The internet gave us our backbone but it is not because of Facebook that this happened. It was the force used by the police that brought everybody together. If they had let us leave peacefully on 25 January, this would never have happened. It got worse with the violence on 28th: The shootings, the tear gas, the killings, the brutality. When they cut the internet and mobile phone lines this only increased people’s anger.
In the square we have organised our lives well. We have a co-ordinating committee telling us where there have been attacks and a group doing cleaning. We have some people singing and some praying. We have Christians, Muslims, agnostics, leftists and rightists and we all live together well. In our community we’re trying to set an example of how we can all live together. It’s like a city inside the city here. We are the kernel of the revolution.
Blog: MaLek X (in Arabic)
Older people come up to us [and] say: ‘We’re really proud of you… You did what we didn’t manage to do for 60 years’”
The revolution was publicised on the internet. The spark was Facebook. People were really sceptical about it because they didn’t think you could have a revolution where you named the date, but now I look around me and I am really proud of the Egyptian people and the initiative. I’m sure that those who named the date didn’t think things would go this far.

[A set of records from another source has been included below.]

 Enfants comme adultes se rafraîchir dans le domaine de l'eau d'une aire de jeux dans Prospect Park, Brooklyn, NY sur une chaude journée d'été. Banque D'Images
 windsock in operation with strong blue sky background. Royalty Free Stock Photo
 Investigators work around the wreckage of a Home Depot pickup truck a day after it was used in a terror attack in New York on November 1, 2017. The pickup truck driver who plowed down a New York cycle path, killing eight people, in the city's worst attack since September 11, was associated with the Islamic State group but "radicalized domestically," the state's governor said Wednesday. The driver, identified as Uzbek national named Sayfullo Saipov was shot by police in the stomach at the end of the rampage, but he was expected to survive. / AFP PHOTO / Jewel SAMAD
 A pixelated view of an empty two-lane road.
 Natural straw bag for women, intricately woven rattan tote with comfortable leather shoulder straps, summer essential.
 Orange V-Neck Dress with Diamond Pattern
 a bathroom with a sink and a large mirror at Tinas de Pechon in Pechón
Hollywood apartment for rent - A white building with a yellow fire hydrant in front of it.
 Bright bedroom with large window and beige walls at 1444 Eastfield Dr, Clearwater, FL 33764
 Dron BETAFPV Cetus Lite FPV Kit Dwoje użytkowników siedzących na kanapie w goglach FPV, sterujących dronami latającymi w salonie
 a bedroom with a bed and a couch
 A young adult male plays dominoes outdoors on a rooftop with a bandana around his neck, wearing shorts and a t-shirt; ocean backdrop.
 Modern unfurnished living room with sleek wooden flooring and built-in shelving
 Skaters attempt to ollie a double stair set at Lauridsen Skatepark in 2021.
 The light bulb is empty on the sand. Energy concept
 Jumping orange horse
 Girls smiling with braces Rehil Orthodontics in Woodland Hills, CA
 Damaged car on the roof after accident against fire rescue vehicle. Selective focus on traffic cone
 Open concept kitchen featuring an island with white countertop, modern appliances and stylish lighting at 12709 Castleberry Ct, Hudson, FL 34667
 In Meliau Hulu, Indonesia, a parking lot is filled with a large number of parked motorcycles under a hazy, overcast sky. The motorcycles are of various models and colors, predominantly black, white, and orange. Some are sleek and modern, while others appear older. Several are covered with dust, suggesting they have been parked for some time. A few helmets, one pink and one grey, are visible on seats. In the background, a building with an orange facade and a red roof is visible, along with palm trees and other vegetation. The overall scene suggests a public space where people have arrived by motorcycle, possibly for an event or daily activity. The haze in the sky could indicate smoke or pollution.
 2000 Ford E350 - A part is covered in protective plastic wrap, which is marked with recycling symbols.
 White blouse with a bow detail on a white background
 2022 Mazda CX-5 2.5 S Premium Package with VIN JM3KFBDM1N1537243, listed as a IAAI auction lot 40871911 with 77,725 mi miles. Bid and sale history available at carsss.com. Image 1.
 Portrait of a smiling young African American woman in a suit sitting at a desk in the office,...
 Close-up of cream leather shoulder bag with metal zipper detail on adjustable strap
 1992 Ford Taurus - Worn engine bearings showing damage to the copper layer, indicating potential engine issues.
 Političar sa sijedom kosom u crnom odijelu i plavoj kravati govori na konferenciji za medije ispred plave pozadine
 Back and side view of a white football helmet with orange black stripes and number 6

To begin with on 25 January, we had mostly young people of all classes who somehow use the internet. You have internet cafes even in the poorest areas of Egypt so even less well-educated people have access, especially to Facebook. A lot was also achieved through word of mouth – people telling their friends and neighbours. The independent media took a middle-ground to begin with as everyone was watching their backs but now they have got onboard.
After our huge turnout on the first Tuesday, demonstrations continued for the next two days and we publicised further action for Friday on the internet. That day they cut our communications and took our cameras so we had an information blackout and the violence was unbelievable. A lot of people died.
Still the threshold of fear and pain had been broken and we have kept up momentum since. Now older people especially come up to us when we’re collecting trash or whatever in the square and they say: “We’re really proud of you… You did what we didn’t manage to do for 60 years.”
People have called this the “Facebook Revolution” because it gave us a form of expression even when people were too scared to talk in big groups about political issues. We had already set up Facebook pages for people who were tortured to death. We found it was a way to talk without being tracked.
In the square we have bridged a lot of gaps. I’ve been living here since 29 January with tens of thousands of other people. I put my head down to sleep and I don’t know the people sleeping around me. I have wonderful conversations with people from all over Egypt who normally I would never have talked to.
We’re finally getting to know each other. It’s wonderful.